Serves 3-4.
- 2 medium boneless skinless chicken breasts, cut into bite-sized pieces (approx. 1"x 1"x 3")
- 1 1/2 c. buttermilk (or enough to cover chicken pieces)
- 2 T. salt
- 1 c. flour
Combine salt and buttermilk in a medium-sized mixing bowl. Add chicken pieces and allow to soak for about 1 hr.

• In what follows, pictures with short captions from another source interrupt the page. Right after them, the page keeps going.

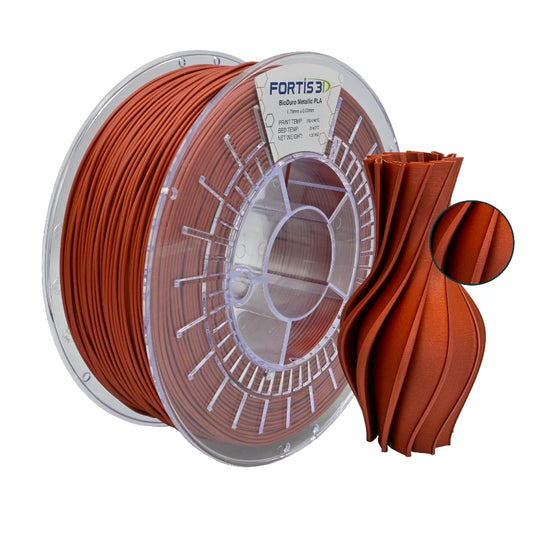 Fortis3D - BioDuro Metallic PLA 1KG - Fire Red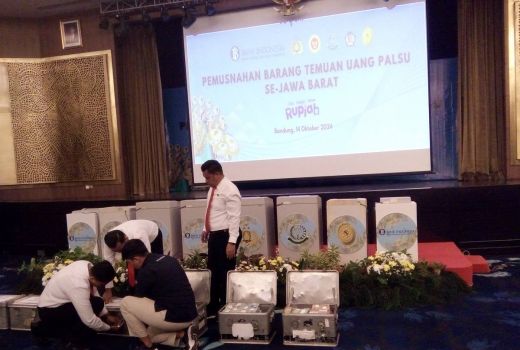 Bank Indonesia Bersama Botasupal Jawa Barat Musnahkan Temuan Uang Rupiah Palsu - GenPI.co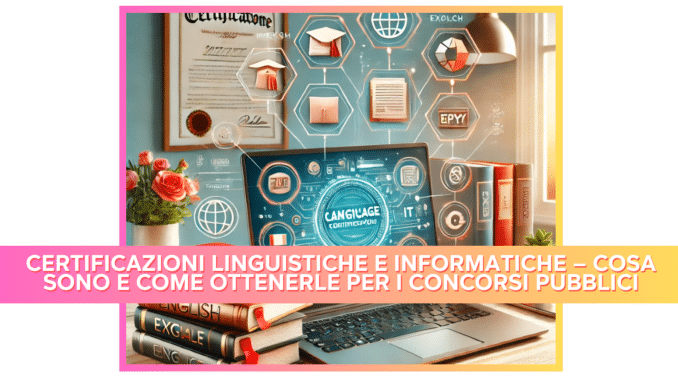 Certificazioni Linguistiche e Informatiche – Cosa sono e come ottenerle per i Concorsi Pubblici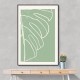 Minimal Monstera Collection #3 Wall Art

Heat 1/2" of vegetable oil in a deep skillet or saucepan for about 5 minutes over medium heat. In a shallow dish or ziplock bag, combine flour and a dash each of cayenne, oregano, parsley, and thyme. Dredge chicken pieces in flour mixture and fry until browned, turning once. Remove chicken pieces and drain on paper towels.
Glaze:
- 1/2 cup honey
- 2 T molasses
- 1-1/2 T ketchup
- 1/8 tsp ground cinnamon
- 1/4 tsp paprika
- 1/8 tsp ground ginger
- 1-1/2 tsp seasoned salt
- 1-1/2 tsp meat tenderizer
- 1/8 tsp ground black pepper
- 1/8 tsp salt
- 1/8 tsp dried oregano
- 1/8 tsp minced garlic
- 2 T steak sauce
- 1 T Worcestershire sauce
- 1-1/2 tsp prepared mustard
- 3/4 cup brown sugar
Combine glaze ingredients. Melt 1 stick of butter in a 9x13" baking dish. Stir in glaze. Add chicken pieces, toss to coat, and arrange in a single layer. Cover with foil and bake at 350 for 45 minutes, turning chicken pieces halfway through baking. If desired, serve with blue cheese dressing, below.
Blue cheese dressing:
- 2 1/2 ounces blue cheese
- 3 tablespoons buttermilk
- 3 tablespoons sour cream
- 2 tablespoons mayonnaise
- 2 teaspoons white wine vinegar
- 1/4 teaspoon sugar
- 1/8 teaspoon garlic powder
Mash blue cheese and buttermilk together with a fork until mixture resembles large-curd cottage cheese. Stir in remaining ingredients. Season to taste with salt and freshly ground black pepper.
Notes: I'm somewhat torn; the glaze was flavorful enough that the dressing was really superfluous, but it was such a good dressing recipe that I found myself eating quite a bit of it, anyway.